NextImg:Defense Contractors, Others At High Risk Of Violating Trump’s Anti-DEI Order, Watchdog Says

Three dozen federal contractors are at “high risk” of violating President Donald Trump’s executive orders barring the implementation of diversity, equity, and inclusion policies among those who do business with the federal government.

A new report from the 1792 Exchange highlights which federal contractors have previously advanced the DEI agenda most aggressively, honing in on companies that have offered rhetorical and financial support to leftwing organizations. It highlights 36 “high risk” companies that raked in $265 billion in federal contracts in fiscal year 2023 and are “likely to be maintaining diversity, equity, and inclusion (DEI) and gender policies” in defiance of Trump’s executive orders addressing DEI and transgender ideology.

Daniel Cameron, the former Attorney General of Kentucky and the President of the 1792 Exchange, told The Daily Wire that the database provides the Trump administration with a tool to scrutinize companies that could be violating the president’s orders.

“The American people have the right to know if our hard-earned money is subsidizing any corporation’s subversive ideological programs. President Trump has taken bold action to remove DEI programming from federal institutions, including government contractors,” Cameron explained. “This report empowers government agencies and legislators to align procurement decisions with that vision of neutrality and excellence,” he added.

Among the 36 companies deemed “high risk” by the organization are Raytheon, Northrop Grumman, and Lockheed Martin, which the 1792 Exchange says have discriminated against other companies “that do not promote divisive sex and gender policies.”

The three companies, the organization says, pledged to modify the demographic composition of its leadership “through the establishment of gender and racial targets” in recruiting and signed a “commitment to promote DEI through bias education training in the workplace” and “strategize on DEI programs.”

Raytheon pointed The Daily Wire to a statement it made in January, assuring the public that it would ditch the DEI agenda. “Our highly dedicated workforce is built and advances on merit in pursuit of our mission to protect and connect the world.

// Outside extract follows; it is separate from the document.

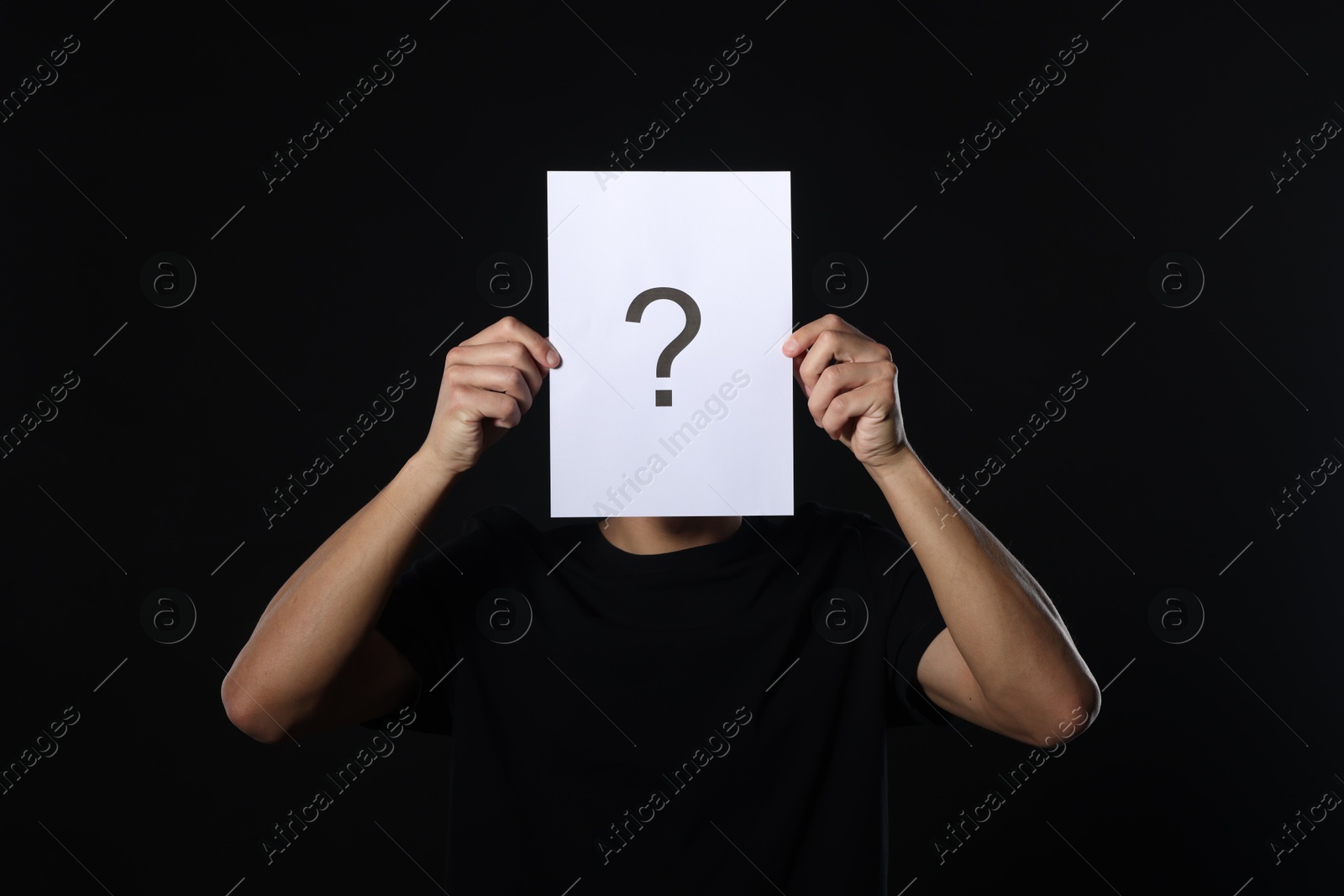Photo of Man hiding behind paper sheet with question mark on dark background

RTX is taking the necessary actions to comply with the Presidential Executive Orders,” Raytheon said.

Another high-risk company is Honeywell International, which the 1792 Exchange said forced employees to attend “multiple controversial trainings on gender identity, sexual orientation, transgender issues, and divisive racial ideology.” There’s also Boeing, which the 1792 Exchange said has emphasized “racial diversity in its hiring practices” and similarly required employees to attend DEI trainings.

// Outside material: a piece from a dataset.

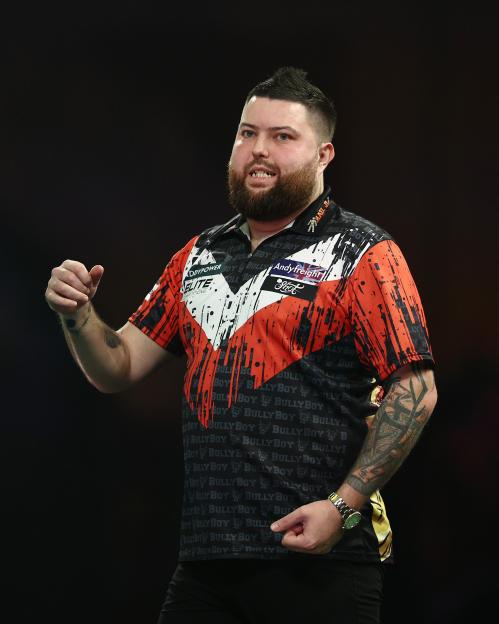 Michael Smith of England reacting during a darts match.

Consulting giant Deloitte is also listed as a high-risk company, with the 1792 Exchange noting that the company joined the Partnership for Global LGBTIQ+ Equality, reflecting Deloitte’s “commitment to vet business partners based on LGBTQ+ policies.”

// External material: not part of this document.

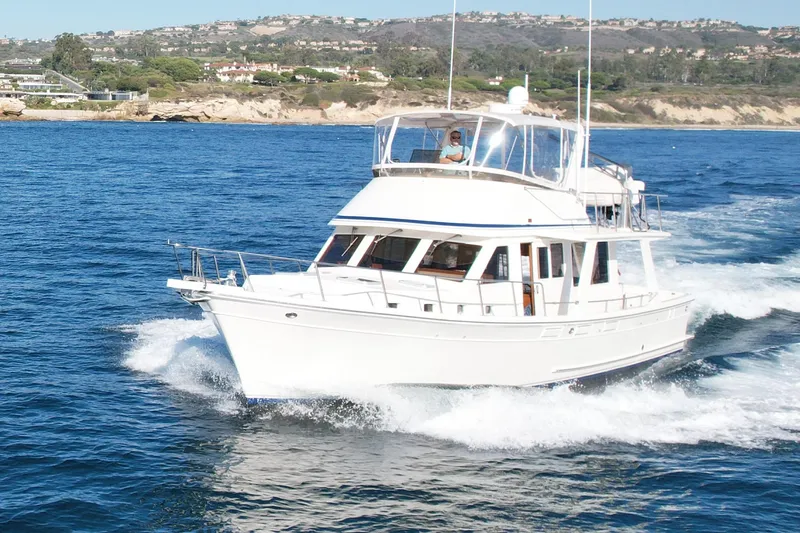 Treasure Yacht Photos Pics Offshore Yachts 48 Sedan 1997 cruising on blue ocean near scenic coastline.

“These companies have engaged in politicized diversity, equity, and inclusion (DEI) initiatives that often include executive compensation schemes linked to diversity targets and the creation of employee affinity groups, race-conscious training programs, or gender policies that prioritize identity categories over merit,” the 1792 Exchange said.

The 1792 Exchange says its database will serve as “a resource for regulators, lawmakers, and watchdogs to scrutinize whether public funds are being directed toward companies that may now stand in violation of federal mandates.”